Also haben Sie den Eindruck, dass wieder nicht wirklich etwas herausgekommen ist?
Zimmermann: Es gab gute Dinge, zum Beispiel, dass der „Loss and Damage Fund“ gleich zu Beginn eingerichtet wurde. Die Länder des globalen Nordens tragen wesentlich zum Klimawandel bei und müssen daher auch Verantwortung für die Folgen übernehmen. Dass nun beschlossen wurde, dass man sich von den fossilen Energien Öl, Gas und Kohle abwenden möchte, ist ein historischer Schritt. Und wenn man sich die einzelnen Verhandlungen anguckt, wurde da schon sehr detailliert gearbeitet. Andererseits ist mein Eindruck, dass der Konferenzpräsident Sultan Ahmed Al-Jaber etwa schöne Bilder produzieren wollte. Und von den Vereinigten Arabischen Emiraten gab es täglich Zusagen zu neuen Ausgaben und einem Klimafonds. Damit wollten die Emirate zeigen, wie viel man doch schon tue – da ist auf jeden Fall viel Show dabei gewesen.
Wie geht es jetzt weiter?
Zimmermann: Nach der COP ist vor der COP – die Zeit zwischen den Konferenzen ist ja die eigentlich wichtige, in der Arbeit getan werden muss. Die Bundesregierung und die EU sind jetzt in der Pflicht, entsprechend zu handeln, den Ausstieg aus fossilen Energien voranzutreiben, Erneuerbare zu fördern und finanzielle Verpflichtungen gegenüber dem globalen Süden zu erfüllen.
Wie viel Hoffnung haben Sie, dass wir die Erderwärmung begrenzen können?
Zimmermann: Das ist immer etwas tagesformabhängig – es gibt so viele Menschen auf der ganzen Welt, die mit großem Engagement aktiv sind. Aber wenn man dann die riesige Öllobby sieht – ich weiß nicht. In Dubai waren 2.400 Lobbyisten – viermal so viele wie im letzten Jahr und siebenmal mehr Menschen, als es dort indigene Repräsentantinnen und Repräsentanten gibt. Und da der Klimawandel derzeit sogar noch schneller voranschreitet, als Forschende vorausgesagt haben, habe ich große Zweifel, dass wir die Erderwärmung unter 1,5 Grad halten können.

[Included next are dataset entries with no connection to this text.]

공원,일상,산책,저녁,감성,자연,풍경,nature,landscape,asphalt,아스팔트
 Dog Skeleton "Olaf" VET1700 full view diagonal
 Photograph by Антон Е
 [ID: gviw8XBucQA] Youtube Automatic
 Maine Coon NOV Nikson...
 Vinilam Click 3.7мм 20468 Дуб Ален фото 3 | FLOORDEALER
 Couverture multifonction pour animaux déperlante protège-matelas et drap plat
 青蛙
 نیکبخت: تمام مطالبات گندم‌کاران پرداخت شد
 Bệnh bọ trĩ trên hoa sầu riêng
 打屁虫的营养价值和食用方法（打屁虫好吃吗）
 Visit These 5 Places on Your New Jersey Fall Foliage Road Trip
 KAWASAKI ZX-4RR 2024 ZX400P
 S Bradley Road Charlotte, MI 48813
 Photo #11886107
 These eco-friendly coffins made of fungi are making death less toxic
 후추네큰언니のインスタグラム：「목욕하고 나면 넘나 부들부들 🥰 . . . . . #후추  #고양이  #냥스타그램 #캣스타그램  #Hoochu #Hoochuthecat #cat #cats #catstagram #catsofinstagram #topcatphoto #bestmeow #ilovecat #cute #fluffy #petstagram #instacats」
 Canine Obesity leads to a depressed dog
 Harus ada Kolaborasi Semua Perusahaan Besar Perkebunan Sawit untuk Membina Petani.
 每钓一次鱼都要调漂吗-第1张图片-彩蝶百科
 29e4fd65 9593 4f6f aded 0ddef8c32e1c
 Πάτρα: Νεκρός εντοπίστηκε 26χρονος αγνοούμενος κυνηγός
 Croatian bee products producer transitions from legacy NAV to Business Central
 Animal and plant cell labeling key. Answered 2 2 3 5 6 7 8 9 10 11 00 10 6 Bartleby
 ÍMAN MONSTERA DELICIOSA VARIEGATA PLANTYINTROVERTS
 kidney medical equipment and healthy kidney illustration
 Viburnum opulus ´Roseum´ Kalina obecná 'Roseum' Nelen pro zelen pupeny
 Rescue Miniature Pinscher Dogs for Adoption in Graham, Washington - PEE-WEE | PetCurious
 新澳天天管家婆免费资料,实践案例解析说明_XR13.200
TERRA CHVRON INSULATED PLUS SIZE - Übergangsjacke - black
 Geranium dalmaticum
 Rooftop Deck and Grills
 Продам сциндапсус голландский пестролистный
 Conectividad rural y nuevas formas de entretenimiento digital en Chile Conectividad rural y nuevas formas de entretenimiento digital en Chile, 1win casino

Sie waren Online-Delegierte, konnten den Verhandlungen also per Livestream von zu Hause folgen. Würden Sie sich wieder als Delegierte bewerben?
Zimmermann: Es fehlt natürlich der Austausch untereinander beim Mittagessen und so weiter, wo man nochmal mehr von der Stimmung mitbekommt und andere Delegierte kennenlernt. Aber auch so ist es interessant, sich einzuarbeiten, die Prozesse zu sehen und zu verstehen, wie die UN wirklich arbeitet, wie Politik funktioniert. Ja, ich würde mich wieder bewerben, am liebsten als Delegierte vor Ort.